Just a week ago or maybe two, I decided to shut down my own personal Facebook page.  It was more of a personal and spiritual reason for it.

I understand that I communicated more with those I cared about on Facebook than through email or instant messenger.  However, due to how much personal drama and "too much information" displayed on Facebook, I honestly had to take a break from how people are hiding behind social networking sites to avoid confrontations directly.  Yet, with cyber-bullying happening and on the rise, teens through adulthood, its ridiculous.

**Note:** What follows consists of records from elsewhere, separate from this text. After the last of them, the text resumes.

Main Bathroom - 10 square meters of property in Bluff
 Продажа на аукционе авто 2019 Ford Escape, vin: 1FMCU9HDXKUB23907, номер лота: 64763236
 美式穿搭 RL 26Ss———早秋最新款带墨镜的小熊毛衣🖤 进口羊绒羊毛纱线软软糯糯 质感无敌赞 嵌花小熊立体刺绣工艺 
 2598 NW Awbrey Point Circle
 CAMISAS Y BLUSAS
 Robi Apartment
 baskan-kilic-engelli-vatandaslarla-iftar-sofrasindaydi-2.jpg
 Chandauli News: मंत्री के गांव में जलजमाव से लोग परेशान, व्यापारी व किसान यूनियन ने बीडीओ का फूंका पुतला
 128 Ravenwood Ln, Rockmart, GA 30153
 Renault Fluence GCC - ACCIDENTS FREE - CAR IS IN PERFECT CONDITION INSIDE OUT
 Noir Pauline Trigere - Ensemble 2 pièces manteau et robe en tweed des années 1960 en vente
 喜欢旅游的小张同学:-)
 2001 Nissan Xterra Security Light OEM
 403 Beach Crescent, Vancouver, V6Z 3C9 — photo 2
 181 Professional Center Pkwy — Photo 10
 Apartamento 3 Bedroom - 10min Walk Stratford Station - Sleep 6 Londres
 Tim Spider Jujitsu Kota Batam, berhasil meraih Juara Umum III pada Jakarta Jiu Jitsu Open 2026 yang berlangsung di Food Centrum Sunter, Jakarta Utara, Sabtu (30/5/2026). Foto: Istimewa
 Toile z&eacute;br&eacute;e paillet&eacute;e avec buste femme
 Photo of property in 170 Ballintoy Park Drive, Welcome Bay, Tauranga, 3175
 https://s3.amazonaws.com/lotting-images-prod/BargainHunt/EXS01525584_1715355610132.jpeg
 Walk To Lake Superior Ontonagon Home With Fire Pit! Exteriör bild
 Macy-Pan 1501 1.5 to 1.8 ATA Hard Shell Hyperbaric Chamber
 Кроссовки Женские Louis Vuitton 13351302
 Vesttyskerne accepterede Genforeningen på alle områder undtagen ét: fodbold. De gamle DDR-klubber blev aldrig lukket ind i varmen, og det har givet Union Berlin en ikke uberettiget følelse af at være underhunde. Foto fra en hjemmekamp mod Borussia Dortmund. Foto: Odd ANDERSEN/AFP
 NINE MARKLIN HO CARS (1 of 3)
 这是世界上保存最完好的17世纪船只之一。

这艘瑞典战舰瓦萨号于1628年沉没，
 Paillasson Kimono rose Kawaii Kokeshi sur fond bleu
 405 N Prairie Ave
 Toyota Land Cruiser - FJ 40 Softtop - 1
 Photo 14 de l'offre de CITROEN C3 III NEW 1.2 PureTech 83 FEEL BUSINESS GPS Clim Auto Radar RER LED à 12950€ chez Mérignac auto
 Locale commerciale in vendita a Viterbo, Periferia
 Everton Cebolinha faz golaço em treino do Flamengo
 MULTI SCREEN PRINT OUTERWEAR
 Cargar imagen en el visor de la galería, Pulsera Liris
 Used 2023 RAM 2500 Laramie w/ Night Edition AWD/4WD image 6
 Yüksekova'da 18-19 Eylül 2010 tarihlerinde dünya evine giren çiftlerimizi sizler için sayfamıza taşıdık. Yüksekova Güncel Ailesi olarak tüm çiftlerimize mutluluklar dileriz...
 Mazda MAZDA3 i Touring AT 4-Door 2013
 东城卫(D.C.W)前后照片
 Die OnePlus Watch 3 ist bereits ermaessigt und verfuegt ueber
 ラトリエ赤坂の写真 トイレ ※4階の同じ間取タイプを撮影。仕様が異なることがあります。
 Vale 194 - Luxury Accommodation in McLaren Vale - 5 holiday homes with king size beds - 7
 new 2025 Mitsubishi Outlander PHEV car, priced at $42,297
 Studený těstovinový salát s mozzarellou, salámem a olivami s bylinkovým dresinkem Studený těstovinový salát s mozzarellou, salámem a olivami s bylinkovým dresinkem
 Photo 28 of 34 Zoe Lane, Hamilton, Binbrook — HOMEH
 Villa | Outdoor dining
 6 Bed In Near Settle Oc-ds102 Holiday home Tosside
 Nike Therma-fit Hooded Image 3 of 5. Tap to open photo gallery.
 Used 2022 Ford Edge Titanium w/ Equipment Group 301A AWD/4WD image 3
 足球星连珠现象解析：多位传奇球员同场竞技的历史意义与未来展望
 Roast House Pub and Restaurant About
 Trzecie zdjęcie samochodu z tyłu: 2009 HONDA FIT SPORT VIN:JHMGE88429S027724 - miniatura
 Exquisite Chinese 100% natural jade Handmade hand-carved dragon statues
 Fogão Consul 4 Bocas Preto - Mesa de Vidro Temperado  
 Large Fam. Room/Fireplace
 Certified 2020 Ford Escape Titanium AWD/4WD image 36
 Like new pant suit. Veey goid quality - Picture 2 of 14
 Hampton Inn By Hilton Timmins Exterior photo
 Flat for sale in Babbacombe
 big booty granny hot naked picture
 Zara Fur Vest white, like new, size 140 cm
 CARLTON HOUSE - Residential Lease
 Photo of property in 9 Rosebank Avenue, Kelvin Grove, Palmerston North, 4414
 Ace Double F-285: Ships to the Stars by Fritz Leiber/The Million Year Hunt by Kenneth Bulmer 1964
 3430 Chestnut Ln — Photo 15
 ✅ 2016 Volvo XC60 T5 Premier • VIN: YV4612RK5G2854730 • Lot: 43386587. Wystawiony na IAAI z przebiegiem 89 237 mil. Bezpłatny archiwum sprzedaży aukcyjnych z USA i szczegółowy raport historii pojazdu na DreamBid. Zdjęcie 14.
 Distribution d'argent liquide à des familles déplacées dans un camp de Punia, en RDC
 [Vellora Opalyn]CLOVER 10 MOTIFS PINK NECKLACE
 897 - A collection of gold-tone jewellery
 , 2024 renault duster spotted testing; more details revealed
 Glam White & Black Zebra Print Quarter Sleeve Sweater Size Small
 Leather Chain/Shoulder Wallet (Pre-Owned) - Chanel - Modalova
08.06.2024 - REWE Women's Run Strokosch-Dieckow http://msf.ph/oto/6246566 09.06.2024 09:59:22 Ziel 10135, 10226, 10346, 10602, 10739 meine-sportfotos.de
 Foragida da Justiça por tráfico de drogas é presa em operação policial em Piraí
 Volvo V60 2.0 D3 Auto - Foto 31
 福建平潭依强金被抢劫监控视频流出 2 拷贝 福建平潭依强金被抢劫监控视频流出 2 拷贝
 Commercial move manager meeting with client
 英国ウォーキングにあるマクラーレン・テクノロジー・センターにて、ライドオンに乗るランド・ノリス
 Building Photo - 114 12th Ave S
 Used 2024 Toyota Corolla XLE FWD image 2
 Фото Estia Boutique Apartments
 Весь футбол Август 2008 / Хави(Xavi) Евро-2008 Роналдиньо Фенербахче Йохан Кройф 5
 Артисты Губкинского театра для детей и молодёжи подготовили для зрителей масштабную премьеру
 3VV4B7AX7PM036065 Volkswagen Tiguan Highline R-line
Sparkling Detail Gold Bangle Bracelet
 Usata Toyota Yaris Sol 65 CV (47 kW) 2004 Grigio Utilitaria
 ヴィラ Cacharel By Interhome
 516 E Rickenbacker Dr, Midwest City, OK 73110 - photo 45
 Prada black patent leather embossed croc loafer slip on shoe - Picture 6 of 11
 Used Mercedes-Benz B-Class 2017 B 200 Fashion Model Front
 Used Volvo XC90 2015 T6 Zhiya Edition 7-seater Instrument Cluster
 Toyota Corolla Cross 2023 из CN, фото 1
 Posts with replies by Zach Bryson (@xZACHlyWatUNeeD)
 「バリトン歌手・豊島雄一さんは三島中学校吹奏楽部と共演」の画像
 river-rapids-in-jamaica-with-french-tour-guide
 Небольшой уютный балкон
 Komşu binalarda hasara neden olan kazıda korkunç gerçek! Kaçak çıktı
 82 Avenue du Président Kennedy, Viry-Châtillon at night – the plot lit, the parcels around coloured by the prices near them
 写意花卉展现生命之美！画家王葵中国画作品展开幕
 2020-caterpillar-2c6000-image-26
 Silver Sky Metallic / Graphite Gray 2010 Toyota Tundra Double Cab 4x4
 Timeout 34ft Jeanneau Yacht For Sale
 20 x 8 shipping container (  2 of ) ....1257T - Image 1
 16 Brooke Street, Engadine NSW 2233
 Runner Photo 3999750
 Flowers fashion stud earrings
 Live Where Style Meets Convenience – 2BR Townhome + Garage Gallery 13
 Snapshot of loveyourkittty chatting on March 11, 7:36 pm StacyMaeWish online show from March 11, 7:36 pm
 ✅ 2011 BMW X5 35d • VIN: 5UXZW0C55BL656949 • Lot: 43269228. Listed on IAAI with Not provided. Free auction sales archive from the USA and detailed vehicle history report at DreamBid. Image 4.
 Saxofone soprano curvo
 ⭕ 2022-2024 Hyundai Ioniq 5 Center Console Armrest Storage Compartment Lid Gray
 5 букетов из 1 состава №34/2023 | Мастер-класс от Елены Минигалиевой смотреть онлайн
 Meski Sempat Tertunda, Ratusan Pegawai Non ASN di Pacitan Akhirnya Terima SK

Right now, I don't miss Facebook.  I am actually sleeping better, enjoying life more and doing me.  I don't stress or worry as much or even think negative things.  I'm actually happy to have a sense of calmness and peacefulness in my life.  And for the first time since forever, I had a real summer.  An awesome summer.  I have grown up and now everything I read or see, it makes me wonder if others realizes what they are saying on social media outlets or how others will interpreted it.  It makes me wonder, if they worry about their employer checking out their pages without their knowledge.  After hearing how social media has had it negative effects on others, many still take it as a joke.

I got to admit, I have been on Facebook for six years now.  Never did I see as much drama or personal life get exposed that much.  When Facebook came out, it was strictly for college students, where many of us at that time complained about homework, study groups, work, professors, club activities and anything related to the college lifestyle.  It had a sense of community.  Now, Facebook has grown so big that a sense of community is lost in a world filled with belittlement, talk-backs, bullying and exposing secrets.  I admit, I have for a while post disturbing statuses when I was deeply depressed and hurt.  I felt alone and had no one to really talk to in person.  All of my friends were living their own life and I didn't want to be a burden to them.  So I took upon myself to suffer alone and through Facebook.

As time passed, I grew out of my darkness and came towards the light.  Now that I am out of that darkness and have no plans on going back, I decided to embrace life once again.  I decided also to revert back to using my emails and instant messenger as means of communications between friends and family.  I am aware some didn't get the warning that I was shutting down my page, because I didn't want a big fuss.  So I exist out of it quietly, like I usually do in real life.  I'm not gone forever, but I just decided to step outside and to enjoy the fresh air and relaxing with my son and friends and going out.

You can prove you are right, you can prove whatever it is that you are trying to prove, but why prove yourself to others when you only have to prove yourself worthy of God's laws?  Yes, I am on a spiritual walk as well and so far I am enjoying it.  I am getting to know and understand God and his Son Jesus as my saviors. I am becoming more and more laid back, letting Jesus take the wheel so I can focus on what's on hand.  I am scared but I have more to learn.  There's no guarantee I will be around forever, but I will live my life to best of my abilities.  I am testing to see who is true and who isn't.  I am testing to see who belongs in my life and who doesn't. For if I see who's who, then I know who is there and who isn't.